Government ministers and other high-level representatives from more than 140 countries adopted a declaration at a major International Atomic Energy Agency (IAEA) conference to enhance global nuclear security and counter the threat of nuclear terrorism and other malicious acts.
From a possible cyber-attack on a nuclear power plant to the illicit trafficking of radioactive materials, nuclear security is a growing international concern. The IAEA and its Member States have in recent years intensified their efforts to strengthen nuclear security but agree that more action is needed.
“Nuclear and radioactive material is a magnet for groups with malicious intent that see in this material a possibility to create panic and bring distress and pain to our societies,” IAEA director general Rafael Mariano Grossi said at the opening of the week-long conference at IAEA headquarters, shortly before the declaration was adopted by the participants, including more than 55 ministerial-level representatives.
Nuclear technology and science help improve the lives of millions of people around the world, however, the nuclear and radioactive materials used to produce those benefits must be secured at all times to prevent them from falling into the wrong hands.
Nuclear security involves preventing, detecting and responding to malicious acts with nuclear material, radioactive substances or their associated facilities.
Enhancing global nuclear security
In the declaration, IAEA Member States reaffirmed the common goals of nuclear non-proliferation, nuclear disarmament and the peaceful uses of nuclear energy and recognised that nuclear security contributes to international peace and security.

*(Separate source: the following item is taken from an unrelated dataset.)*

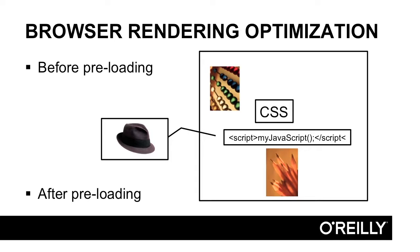But more commonly, what happens is there's actually images in the JavaScript, and because the JavaScript is not in the look-ahead, because it's actually being loaded at the time, those images are not preloaded, and they're only actually loaded when they're encountered in the JavaScript.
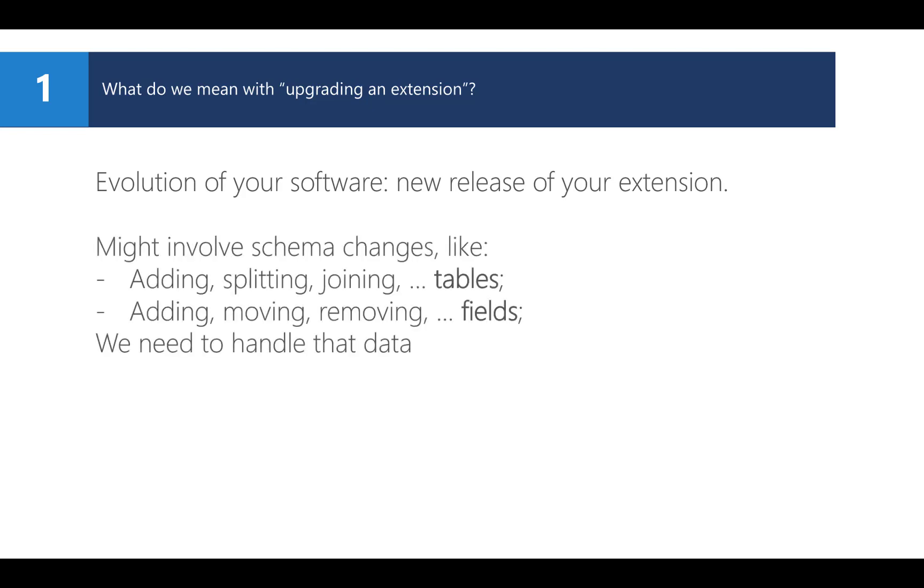Now, it is very common that a new version of your software has changes to the database schema. You might have added or changed tables, or added, moved, or changed fields, or even more complex, you might have split one table into multiple tables or vice versa. In most of these cases, the data needs to be handled. You need to describe how the data is going to be moved to the different tables and fields in your app.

“We remain concerned about existing and emerging nuclear security threats and committed to addressing such threats,” the ministerial declaration said. “We encourage Member States to implement threat mitigation and risk reduction measures that contribute to improving nuclear security, including, but not limited to, ensuring the protection of nuclear and other radioactive materials and facilities.”
Nuclear security is a national responsibility, but the central role of the IAEA in facilitating and coordinating international cooperation in this area was also highlighted at the conference and in the declaration.
“The adoption of a Declaration at ministerial level is indicative of the continuous commitment to nuclear security of IAEA Member States. It is a concise, politically driven and forward-looking document, adding value to the efforts of strengthening nuclear security worldwide,” said Bogdan Aurescu, minister of foreign affairs of Romania and co-president of the conference.
“In the coming years, global stocks of nuclear material are expected to continue growing, especially as we look into emerging nuclear technologies and their role in mitigating the consequences of climate change,” said Federico Alfaro, vice-minister of foreign affairs of Panama and co-president of the conference. “We cannot allow for such material to fall into the wrong hands.”
Since the last conference, the IAEA’s activities to strengthen nuclear security include training nearly 13,000 experts, donating radiation detection equipment to 33 countries and providing support to 17 major public events, including World Youth Day in Panama, which was attended by Pope Francis and the presidents of seven Latin American countries, and major sporting competitions.